- _WHAT YOU NEED TO DO_
Set down the data below without change, skipping the pictures it holds.

- _DATASET SECTION_
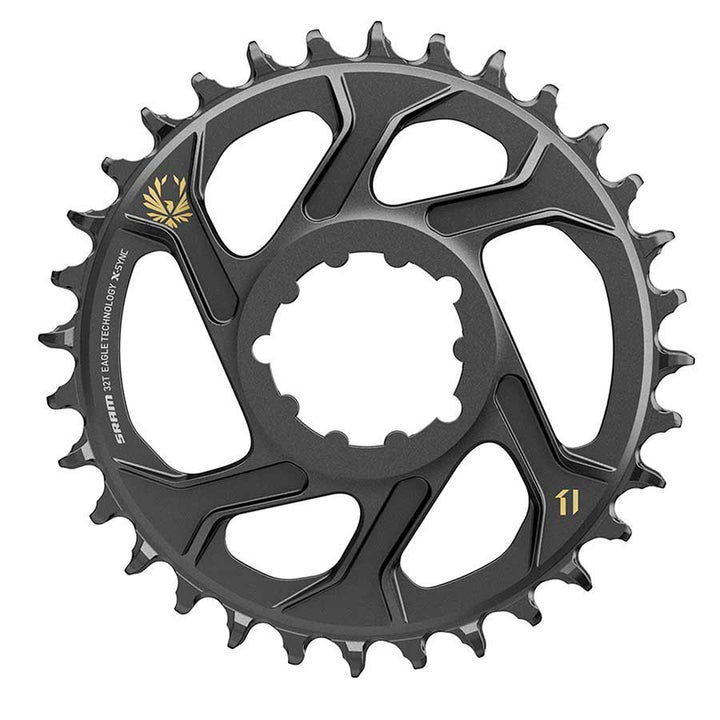 SRAM X-Sync 2 Eagle SL Direct Mount Chainring 34T Boost 3mm Offset - Black Gold Logo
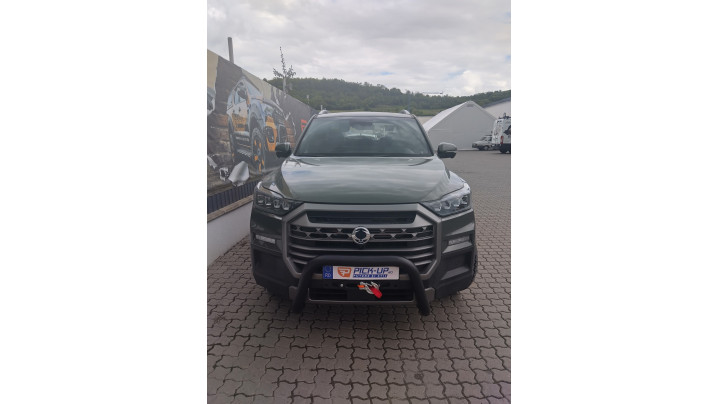 Montare prag lateral, troliu+suport troliu pe Ssang Yong Musso Grand 2024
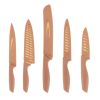 Just Feed Me by Jessie James Decker 5-Piece Knife Set, Terracotta Rose and Gold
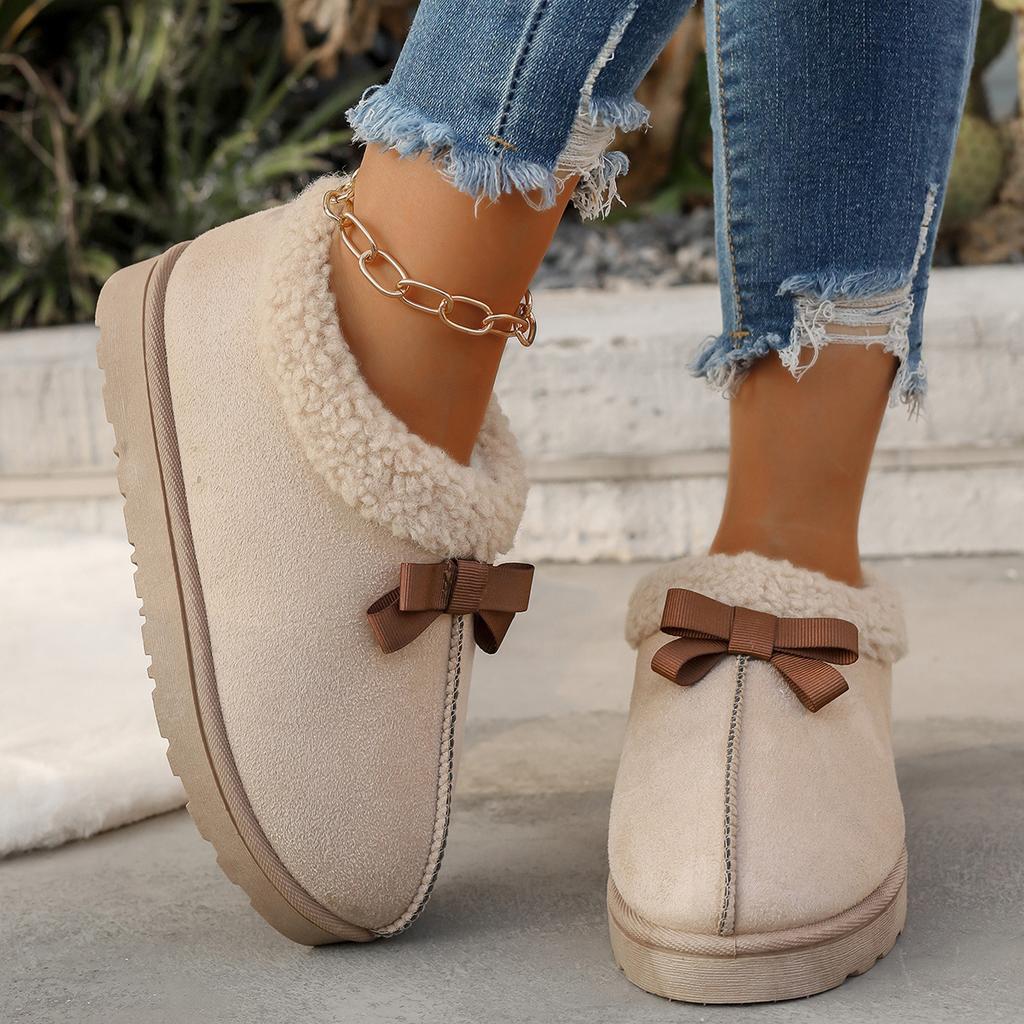 Fashion Women's Winter New Suede Waterproof Design Short Boots 2025 Casual Plus Velvet Thick Warm Thick Bottom Non-slip Women's Boots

- _ANSWER BOX_
 SRAM X-Sync 2 Eagle SL Direct Mount Chainring 34T Boost 3mm Offset - Black Gold Logo
 Montare prag lateral, troliu+suport troliu pe Ssang Yong Musso Grand 2024
 Just Feed Me by Jessie James Decker 5-Piece Knife Set, Terracotta Rose and Gold
 Fashion Women's Winter New Suede Waterproof Design Short Boots 2025 Casual Plus Velvet Thick Warm Thick Bottom Non-slip Women's Boots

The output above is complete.